# Chandeleur Island Fishing in March?



## Walton County (Aug 23, 2016)

Anybody ever been in March? 

My wife keeps talking about going somewhere in March and I want to fish. How is it out there that time of the year? 

Any opinions on who to fish with? I don't need first class but if I am going to sell the wife on this, it needs to be nice.


----------



## 60hertz (Oct 1, 2007)

Chandeleur guide fishing. Stay on the Pelican.

Fishing. Birding. And awesome stargazing at night.


----------



## 60hertz (Oct 1, 2007)

http://chandeleurguidefishing.com


----------



## Walton County (Aug 23, 2016)

Thanks! I am going to give them a call and get some info.
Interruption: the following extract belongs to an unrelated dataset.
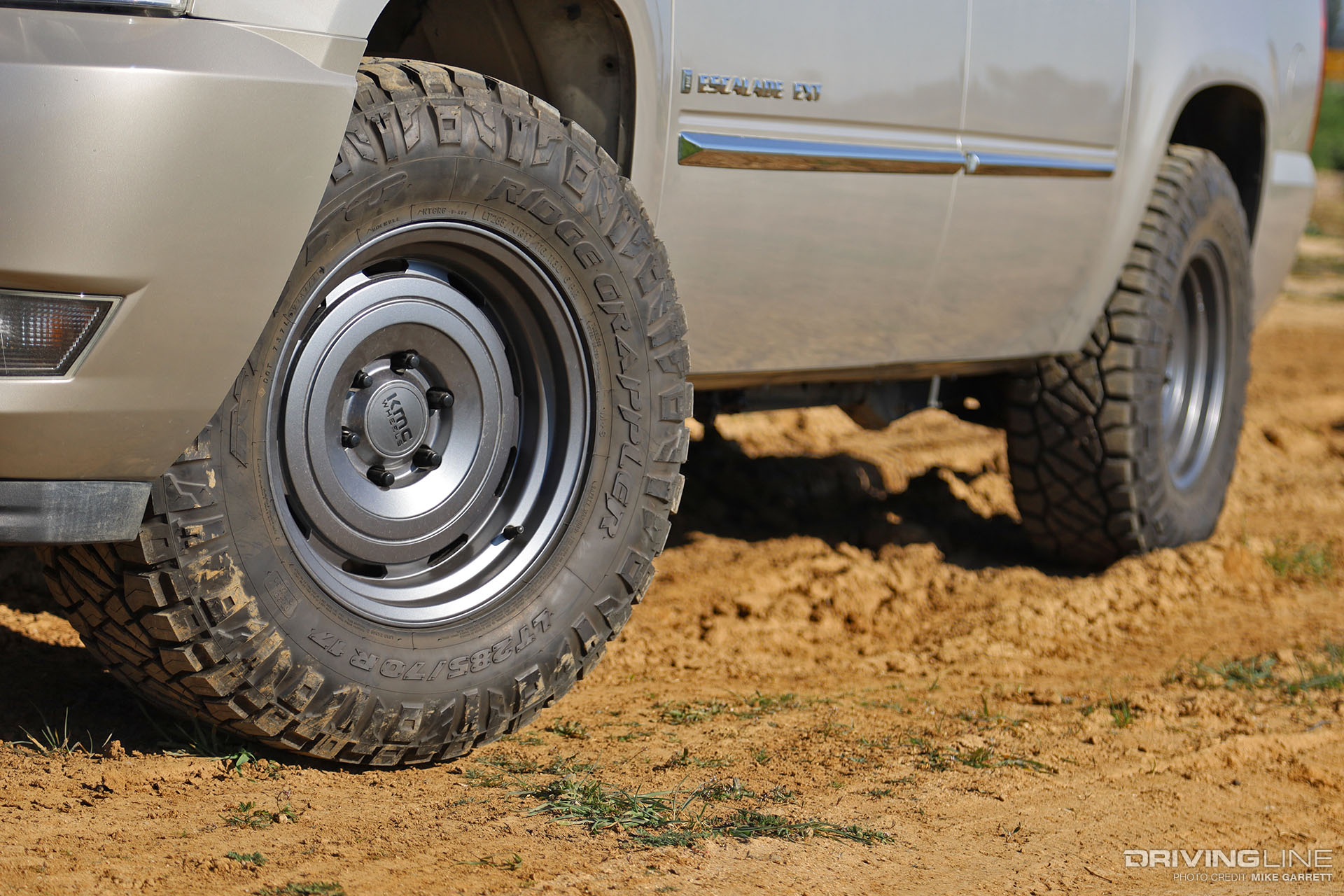 Escalade EXT on Nitto Ridge Grappler and KMC Roswell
I am having a tough time getting much info for March. Best I can tell, it is a bit early, but the bite is good to decent.


----------



## 60hertz (Oct 1, 2007)

We went several times before the oil spill. Haven’t been back since. BP rebuilt the islands and I hear it’s better than ever.
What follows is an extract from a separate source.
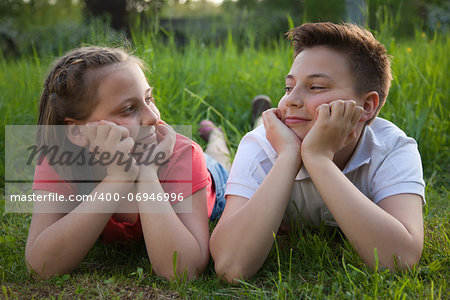 Brother and sister on a meadow in spring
We would go on the Saturday before Fat Tuesday and come back on Fat Tuesday. Always limited out on the first day. So the other days were spent exploring and doing a lot of catch and release.


----------



## Walton County (Aug 23, 2016)

60hertz said:


> We went several times before the oil spill. Haven’t been back since. BP rebuilt the islands and I hear it’s better than ever.
> 
> We would go on the Saturday before Fat Tuesday and come back on Fat Tuesday. Always limited out on the first day. So the other days were spent exploring and doing a lot of catch and release.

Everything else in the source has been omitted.